# Ground Zero: GM and Coach candidates



## BCH

Who is it going to be?

Who would possibly want to come into this disaster?

Can I be the first to say, "Please, God, No!" to Whitsett and Babcock?


----------



## GB

Bob Whitsett


----------



## BCH

> Originally posted by <b>gettinbranded</b>!
> Bob Whitsett


Please, God, No!


----------



## MikeDC

I just read that Whitsett is staying in the Seahawks org, so he won't be here.

If it's gonna be someone know, I think it's down to:

* Babcock (The kind of nice but grossly incompetent figure that seems like an Abe wet dream)
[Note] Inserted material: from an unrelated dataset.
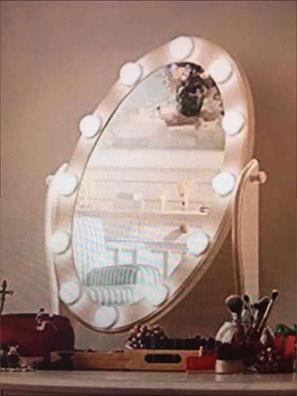 Espejo de tocador montado en la pared con luces LED, sin marco,  redondo, resistente al agua, espejo de maquillaje moderno, luz blanca  cálida/cálida : Hogar y Cocina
* Krause (The irony would rather large, but the pieces of the puzzle fit; former member of the org (did he leave on good terms?), would be a perfect fit for a couple of years as Wes returns from his "leave of absence", and oh the irony of him replacing MJ.


----------



## jazzy1

This whole MJ buisness sucks. He was used by Abe and dumped. Pollin is too damn old and isn't making sound decisions at all. I'm upset. He's crippled our summer. He has to fire the whole darn staff we won't have adequate scouting, trades, free agency. the draft. Find a new coach. This is terrible. 

All I can say is Pollin has someone in mind already and he's already likely to have the name floated shortly. 

Abe treated MJ like a total chump. Abe got the benefit of MJ playing making all the extra money and then tried to paint the picture as if MJ didn't work hard enough. MJ and not working hard enough have never been associated with one another but our 2nd rate pro team in this city found a way to sully MJ's reputation. This is pathetic and I'm feeling sick. 

Saying player disension, a whole bunch of players who've not accopmlished JACK in their careers as a reason for why MJ was fired. MJ, was he lying in his player criticism. MJ's only mistake was he hired Collins as coach. A coach subject to a melt downs and being overly critical as coach. That was the mistake. MJ cleaned up the cap, he added younger more athletic players, and structured a brighter future. To say player disessension was a cause and the team hadn't improved significantly when this PLAYER CREATED THE ONLY EXCITEMENT THIS CITY IN A LONG TIME. WE were dead when MJ got here, DEAD had nothing. Had Wes's incompetance and Pollin's cheapness . We had NOTHING. 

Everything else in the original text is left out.